Le mode de gestion des usines que l’Etat s’active à mettre en place maintenant aurait dû être la toute première étape. Gestion privée à travers la mise en concession (privatisation) ou gestion directe par l’Etat (société d’état) ? Cogérance (société mixte) ou partenariat public-privé ? Il était important de retenir un mode de gestion pour  chaque usine, d’installer sont Conseil d’Administration et, dans la mesure du possible, une équipe restreinte pour la conception du projet.

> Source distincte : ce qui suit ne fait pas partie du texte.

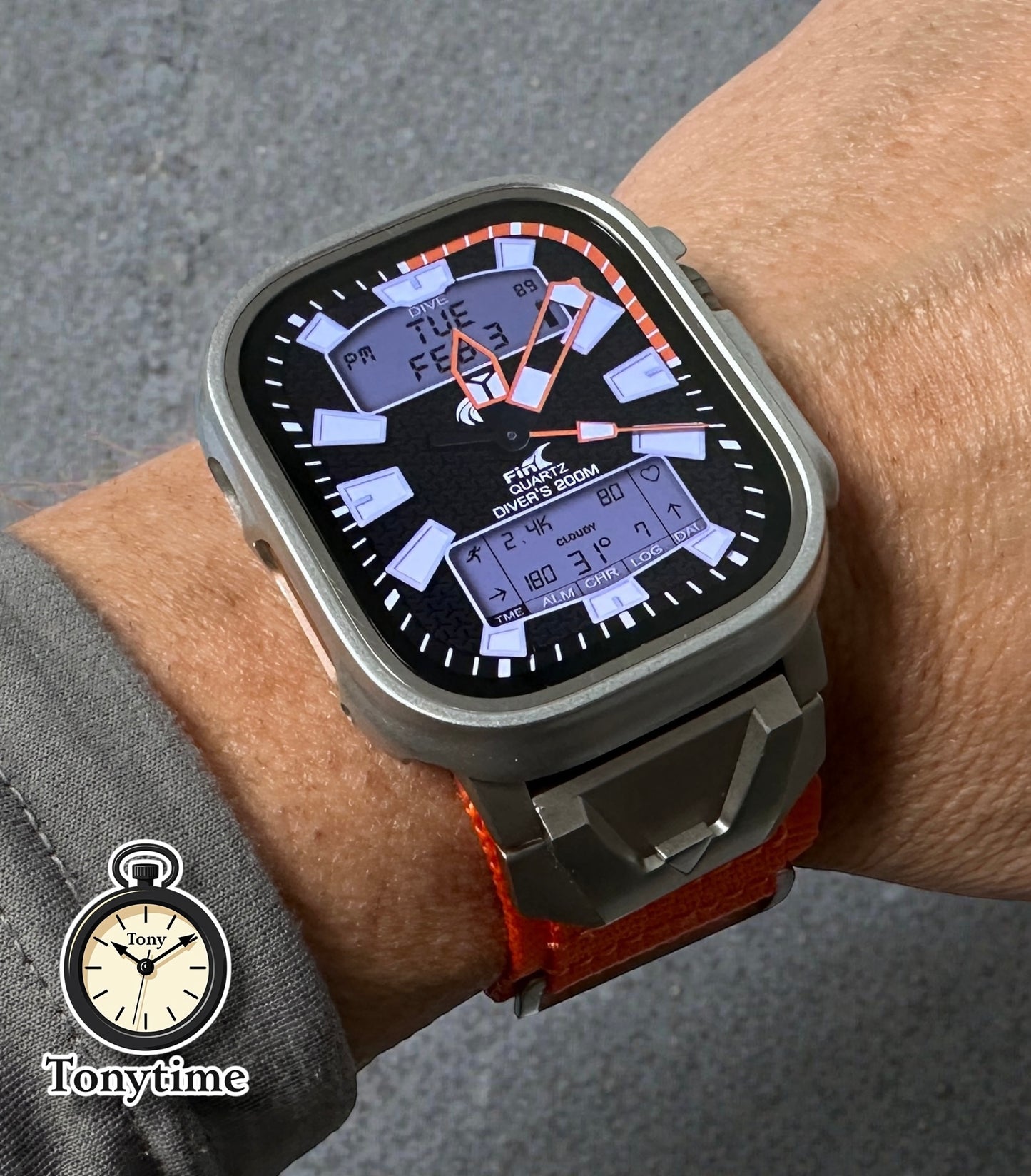 Apple Watch Ultra Modification Kit Summit Series – Nylon Strap + Silver Hardware band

La deuxième étape qui relève de la responsabilité de l’équipe projet, est l’approvisionnement en matières premières. Il ne suffit pas d’implanter une usine de tomate par exemple au cœur de la plus grande zone de production pour garantir son approvisionnement, même si le niveau de production de la zone dépasse largement la capacité de l’usine. Il était indispensable de rencontrer les producteurs soit individuellement (pas très recommandé) ou regroupés en coopératives (recommandé) pour faire le  choix de la variété, déterminer l’itinéraire technique adéquat, évaluer les besoins en intrants, déterminer le mode d’approvisionnement en intrants, fixer le prix de cession des intrants et déterminer les quantités à produire et le mode de livraison à l’usine (bord champ ou pont bascule usine). En gros, il faut établir, sur la base de tous ces éléments, des relations contractuelles avec les différents groupes.

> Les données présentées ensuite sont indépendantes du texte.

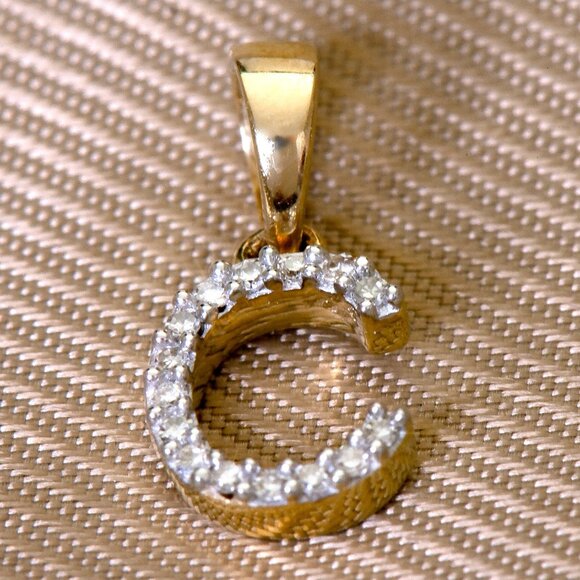 Natural Ethically Sourced Real Earth Diamond Gold Initial C Pendant Stamped 10K - Picture 1 of 6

Une troisième étape est absolument indispensable. C’est l’étude du marché.  Un produit commercial ne ressemblera jamais à une administration publique qui s’impose à tous les citoyens. Il ne s’impose pas. Il doit attirer ses consommateurs potentiels. De ce fait, il faut aller par sondage pour apprécier quelle catégorie de citoyen est prête à adopter la tomate pasteurisée et en conserve plutôt que le fruit frais à écraser avant usage ? Quelle est l’importance de cette catégorie dans la population ? Quel est son pouvoir d’achat ? L’étude de marché conduirait forcément à déterminer une fourchette de prix pour le produit et son rythme de pénétration dans le marché.

La garantie d’approvisionnement et la connaissance du marché ne sont pas les seuls facteurs qui peuvent emporter la décision d’implantation d’une usine. L’élaboration du business plan (plan d’affaire) est obligatoire. Le business plan est le document qui indique le coût des investissements et les différents seuils de rentabilité. En quelque sorte, c’est le tableau de bord et les grandes décisions du Conseil d’Administration ne peuvent que se basées sur cet outil.

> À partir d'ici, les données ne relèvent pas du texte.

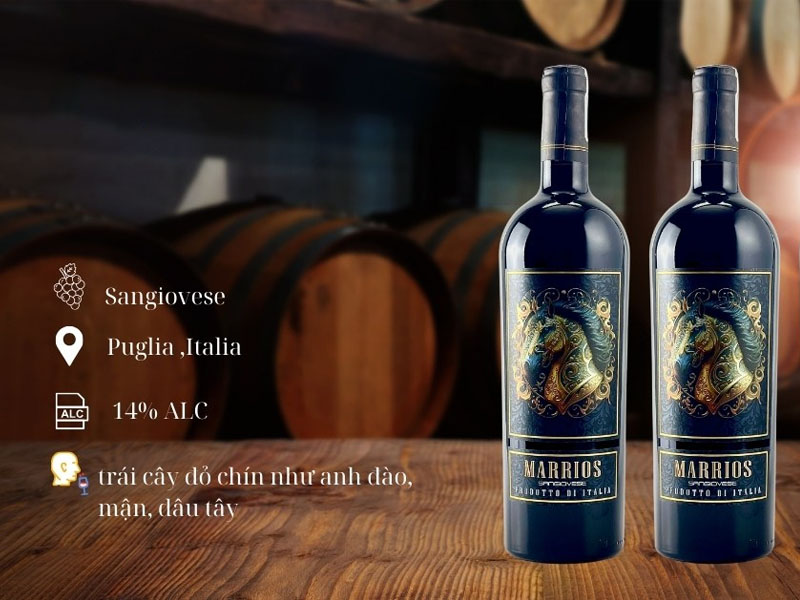 Rượu vang ý marrios negroamaro sangiovese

Les usines en cours d’installation ne sont pas des dons du Gouvernement indien. Logiquement, leur acquisition ne devrait pas précéder les quatre étapes ci-dessus citées. En effet, la décision d’achat relève de la responsabilité du Conseil d’Administration qui doit s’appuyer sur l’équipe projet pour faire le choix technologique. Ce choix doit répondre parfaitement aux exigences du marché. Le produit final est-il ce que recherchent les consommateurs ? Le coût de production est-il compatible avec le pouvoir d’achat de la catégorie ciblée ? Est-ce qu’elle dispose des options évolutives qui peuvent prendre en compte l’évolution du marché ? A l’ère du tout numérique, si le choix technologique comporte des biais, il ne faut pas s’étonner que les nouveaux joyaux se transforment en «…BLANCS» avant même leur mise en service.

L’implantation de l’usine n’est malheureusement que la 6ème étape dans ce processus. Mais c’est elle qui est presque bouclée en ce moment. Et c’est maintenant que des experts s’activent à identifier les modes de gestion usine par usine. On ne peut que leur souhaiter bon vent.